British Columbia got its name first in passing from Queen Victoria but was made official in 1858. The two major regions of British Columbia are commonly known as “the Interior” and “the Coast.” The names are so from the vast contrast that both regions have with one another. The metropolitan area of Vancouver hosts approximately 60% of the province’s population. Thus it is set as its center for commerce, industry, and culture. The “Georgia Strait” region of British Columbia holds about 20% of its population. Cities that fall within that region include Victoria. The remainder of the population is widely spread all through the mountain areas of the province. Notable mountain areas are the Kootenay and the Okanagan. Locations such as Prince George, Dawson Creek, and Fort St. John’s depend more on the world markets than local markets for their economic growth. The majority of British Columbia operates based on the Cordilleran mountain system of western North America.
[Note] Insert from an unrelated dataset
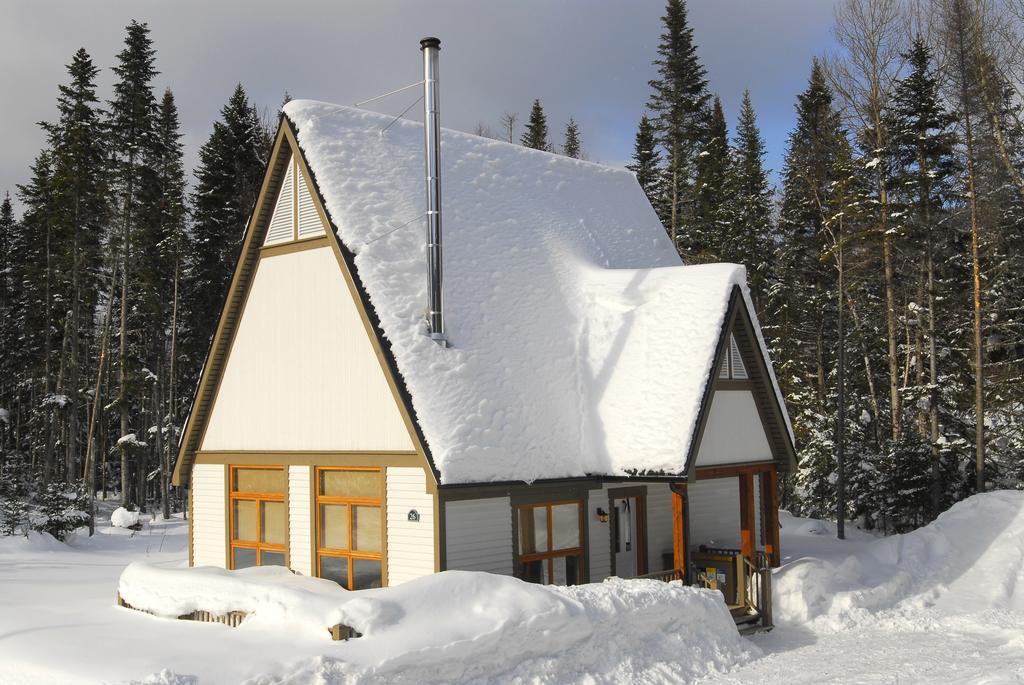Chalet Du Mont-albert - Sepaq Sainte Anne-des-Chênes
The climate varies in small areas of British Columbia. Like all else that concerns British Columbia, the contrasting climate lies majorly within the coast and the interior. Other climate variations also occur between the uplands and valleys, and with the northern and southern locations of the province. The coast experiences warm air flow from the Pacific Ocean, and this produces relatively mild temperatures during the winters. The cold waters of the ocean reduce coastal temperatures in the summer.

The economy of British Columbia has been growing steadily over time due to the province’s dedication to agriculture and transportation. Transportation as an economical building block is so due to the amount of export that British Columbia carries out and also due to its proximity to international waters of China, South Korea, and India amongst others.